Web page caption snippets:
####

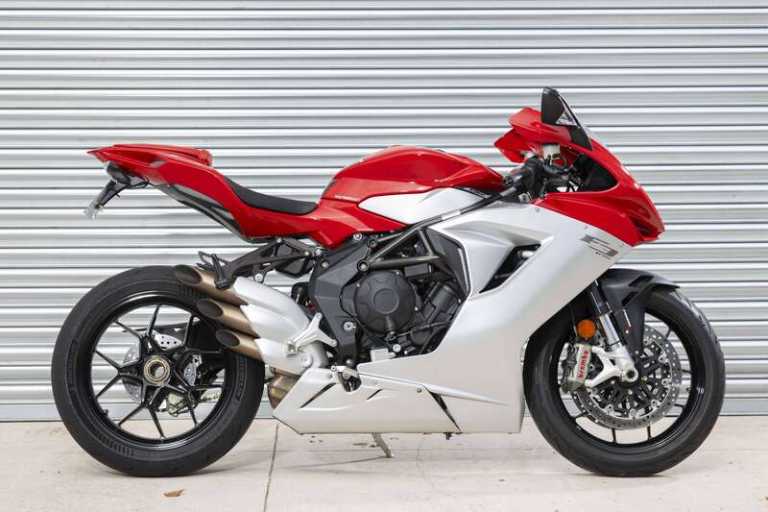 MV Agusta F3 675 Manual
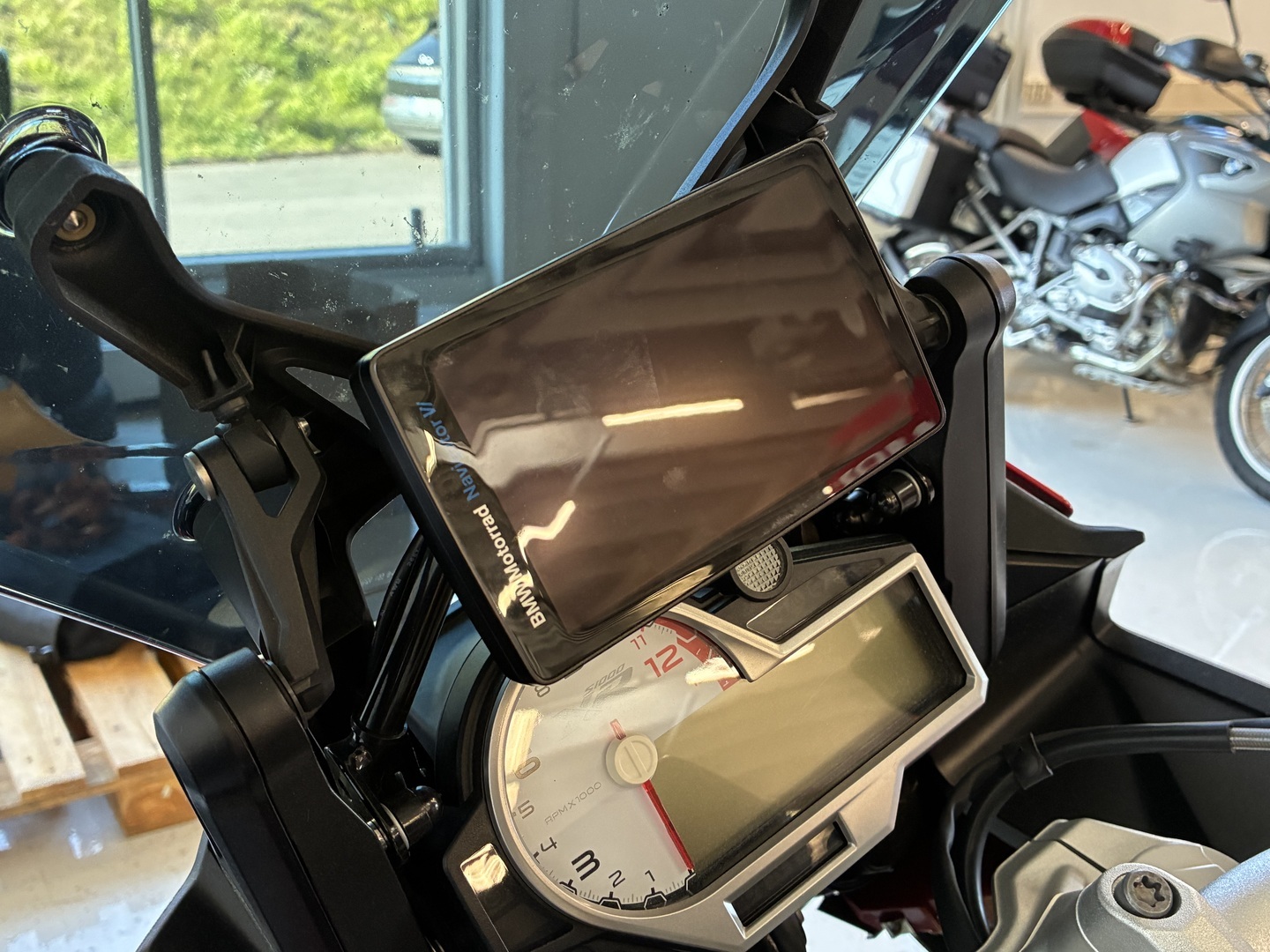 BMW - S - 1000XR // Navi / Akrapovic / Comf, tour, Dynamic // - Moottoripyörä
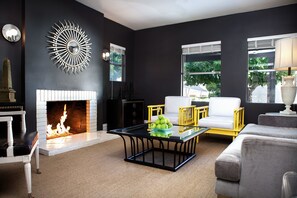 Couples treatment rooms, steam room, body treatments, aromatherapy - Avalon Hotel & Bungalows Palm Springs, a Member of Design Hotels (Palm Springs)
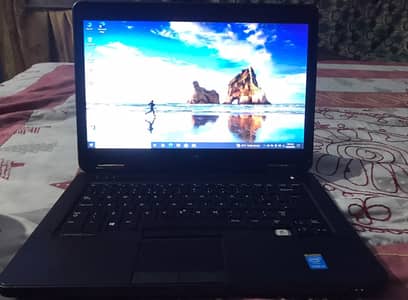 Core i5 4th gen | 8Gb Ram ddr3 | 128Ssd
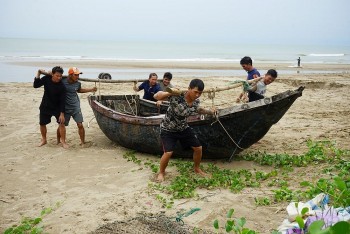 Thanh Hóa căng mình chuẩn bị chống bão lớn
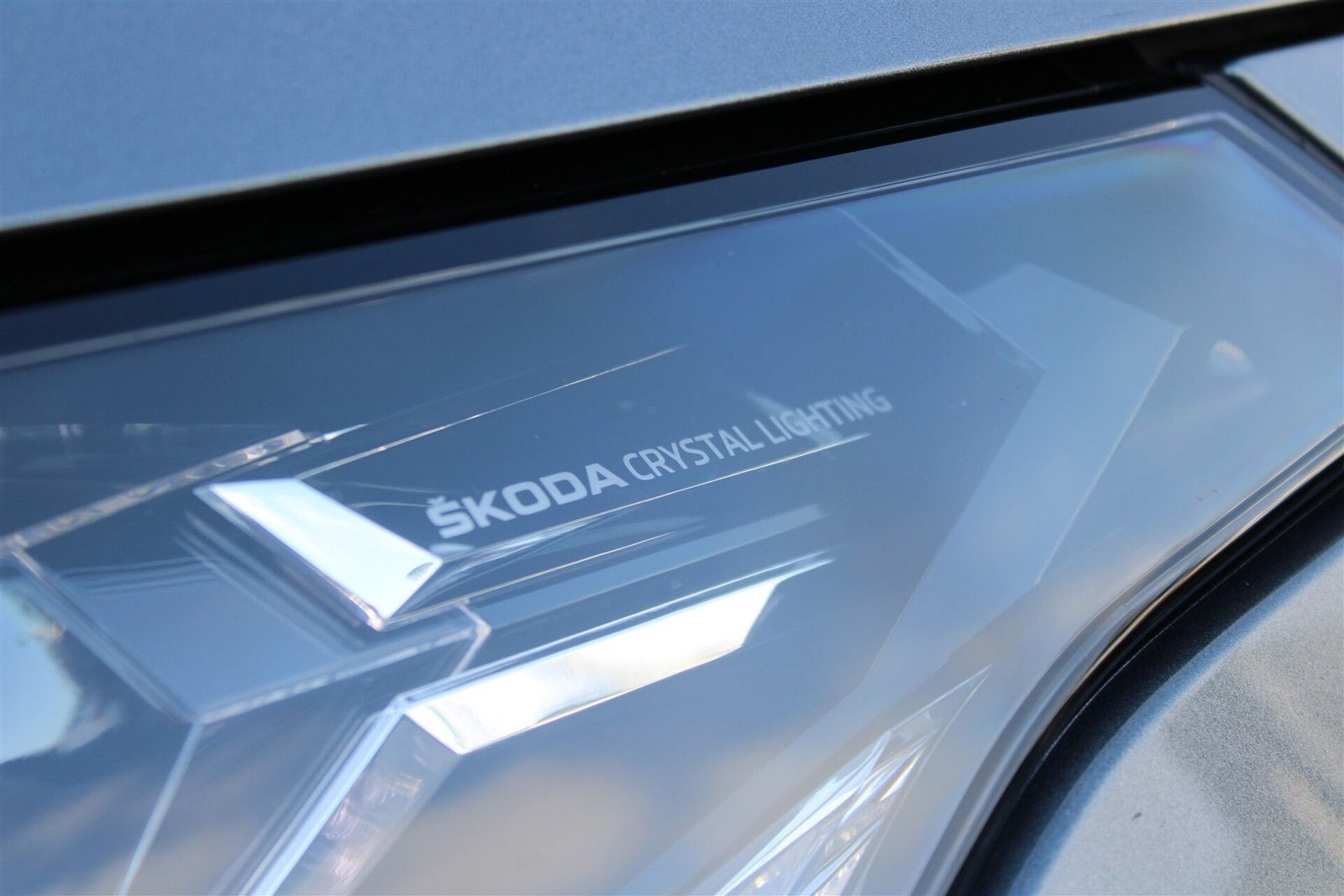Grå Skoda Enyaq fra 2023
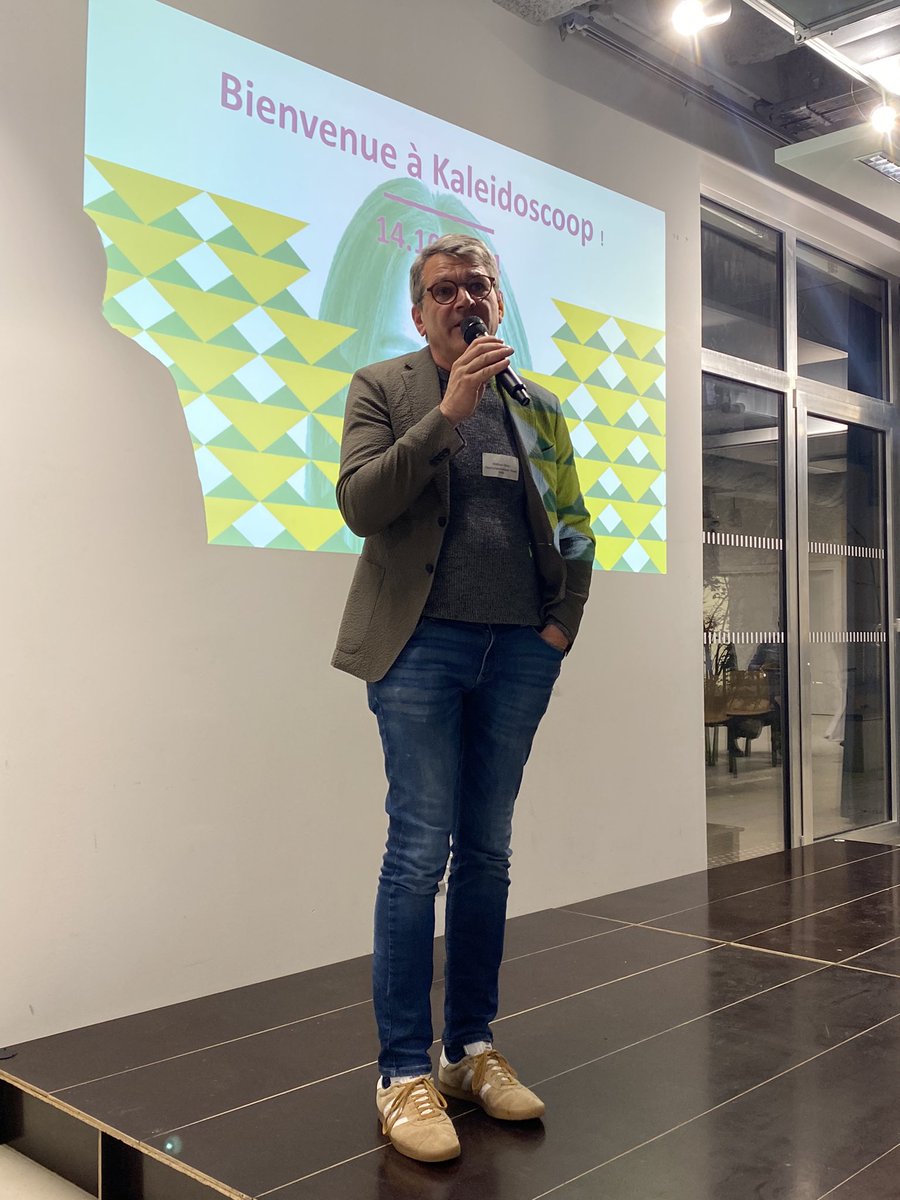 Les cheffes et chefs d’entreprise de Kehl se retrouvent ce soir à #Strasbourg, à Kaleidoscoop. Occasion pour la <a href="/MDE_Strasbourg/">Maison de l'Emploi</a> de présenter le lieu ressource #transfrontalier pour l’emploi. Merci au maire Wolfram Britz pour sa présence avec de nombreux entrepreneurs !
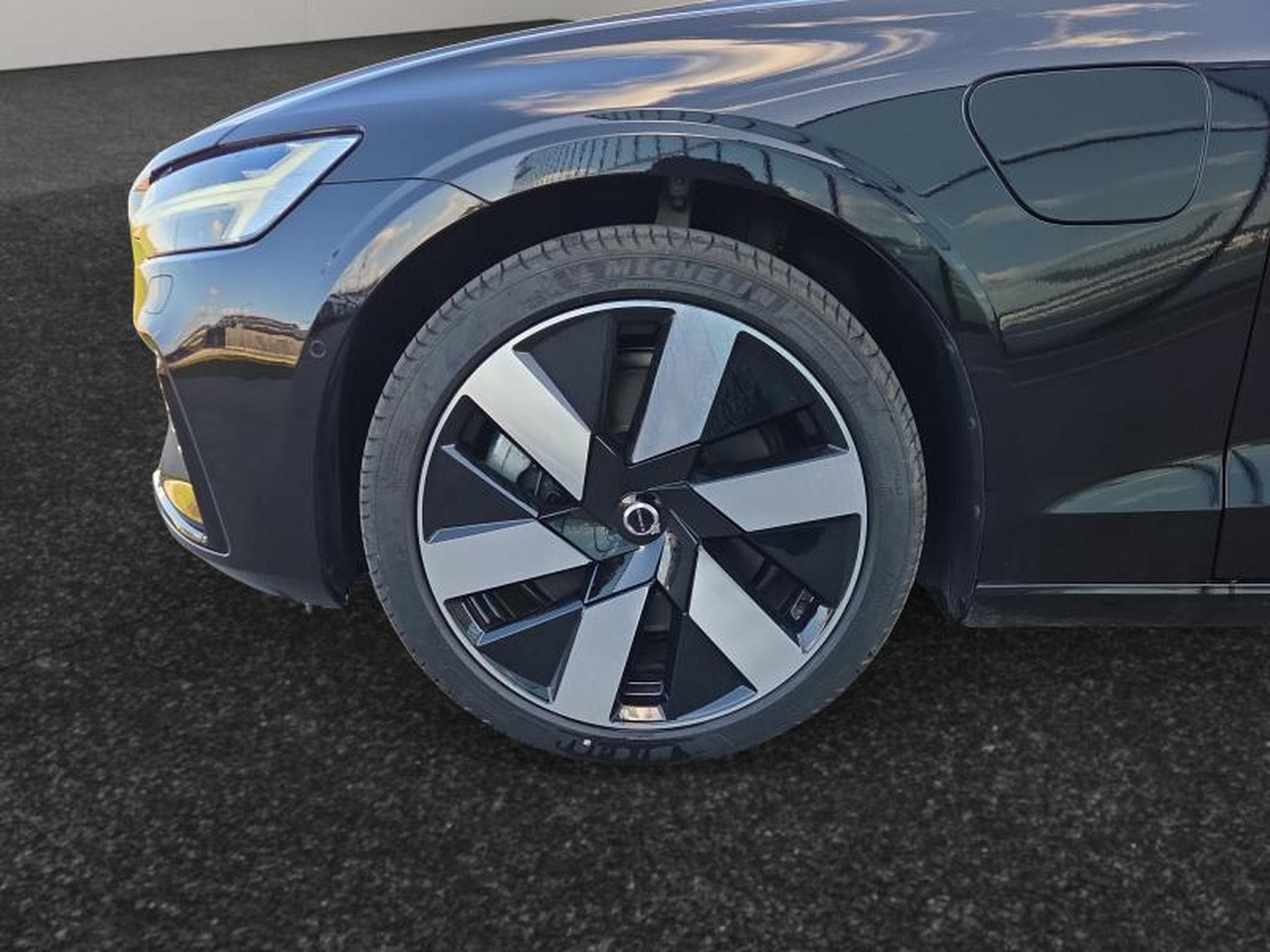 Volvo V60 T6 Plus Dark / Hybride (2025) - Foto 14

####

Activity:
Every record must be returned exactly. Leave its pictures out.

Answer to this problem:
 MV Agusta F3 675 Manual
 BMW - S - 1000XR // Navi / Akrapovic / Comf, tour, Dynamic // - Moottoripyörä
 Couples treatment rooms, steam room, body treatments, aromatherapy - Avalon Hotel & Bungalows Palm Springs, a Member of Design Hotels (Palm Springs)
 Core i5 4th gen | 8Gb Ram ddr3 | 128Ssd
 Thanh Hóa căng mình chuẩn bị chống bão lớn
Grå Skoda Enyaq fra 2023
 Les cheffes et chefs d’entreprise de Kehl se retrouvent ce soir à #Strasbourg, à Kaleidoscoop. Occasion pour la <a href="/MDE_Strasbourg/">Maison de l'Emploi</a> de présenter le lieu ressource #transfrontalier pour l’emploi. Merci au maire Wolfram Britz pour sa présence avec de nombreux entrepreneurs !
 Volvo V60 T6 Plus Dark / Hybride (2025) - Foto 14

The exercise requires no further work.